At the most basic level, Collins says that a “level 5” executive or great leader is a “paradoxical blend of personal humility and professional will." “Level 5 leaders channel their ego away from themselves and into the larger goal of building a great company…their ambition is first and foremost for the institution, not themselves.”
Furthermore, level 5 great leaders differ from good leaders in terms of “the window and the mirror.”
- Great leaders—“look out the window to attribute success to factors outside themselves, [and] when things go poorly, they look in the mirror and blame themselves.”
- Good (non-great) leaders—“look in the mirror to take credit for success, but out the window to assign blame for disappointing results.”
Interestingly enough, many leaders attributed their company’s success to “good luck” and failures to “bad luck”. Collins writes: “Luck. What an odd factor to talk about. Yet, the good-to-great executives talked a lot about luck in our interviews. This doesn’t sound like Harvard or Yale MBAs talking does it?
Collins comments on this bizarre and repeated reference to luck and states: “We were at first puzzled by this emphasis on good luck. After all, we found no evidence that the good-to-great companies were blessed with more good luck than the comparison companies.”

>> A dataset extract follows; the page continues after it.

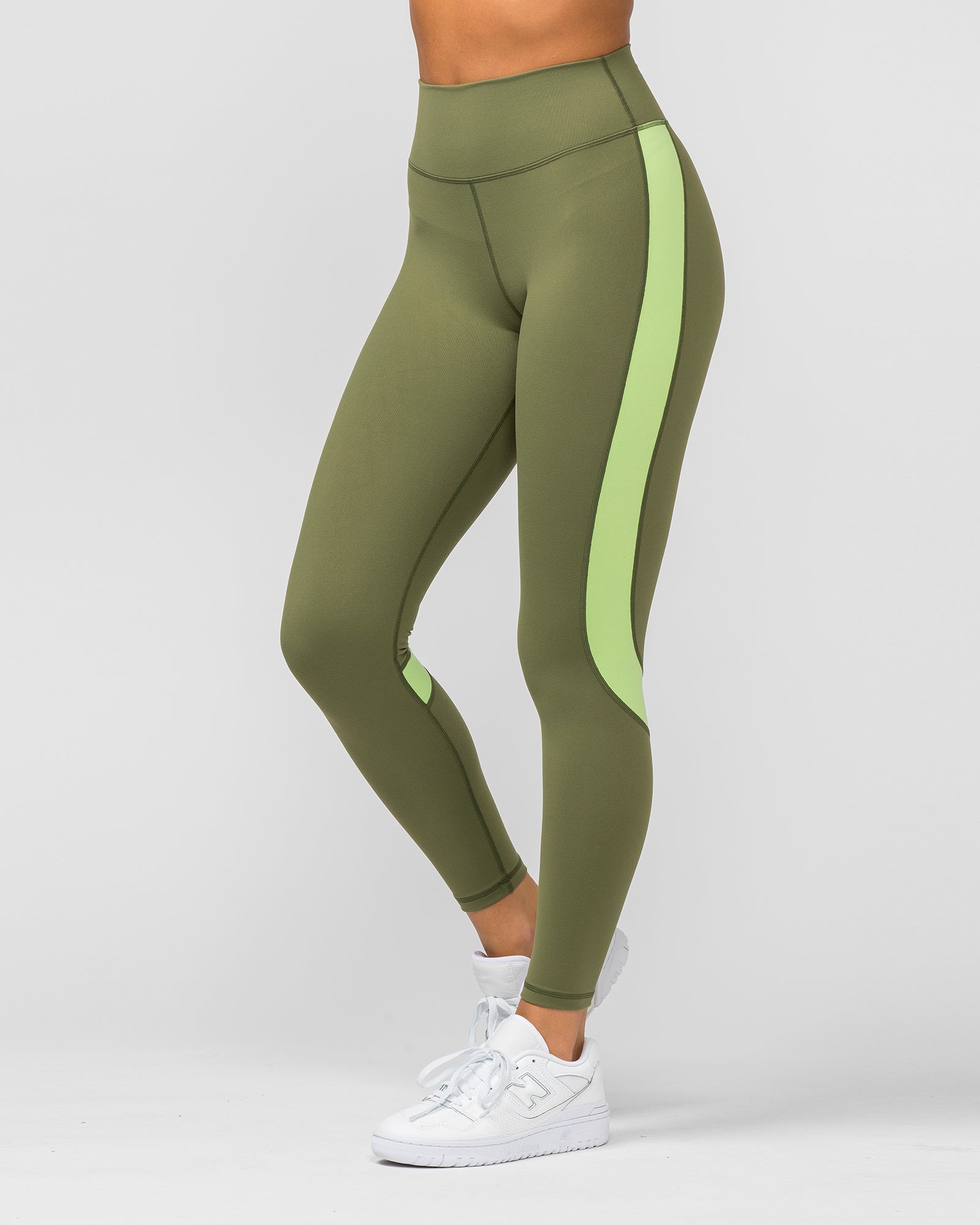 Sunlight Signature Scrunch Ankle Length Leggings - Green Ivy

Where is G-d in the leaders' calculus for business success?It seems that the same good-to-great leaders that “look out the window to attribute success to factors outside themselves,” also are looking down at superstitious or “Vegas-style” factors of luck, rather than looking out the window and up to the heavens from where, traditionally speaking, divine will emanates.
Perhaps, there should be a level 6 leader (after the level 5 great leader) that is “truly great” and this is the leader that not only has personal humility and professional will, but also belief in a power much higher than themselves that supersedes “good luck.”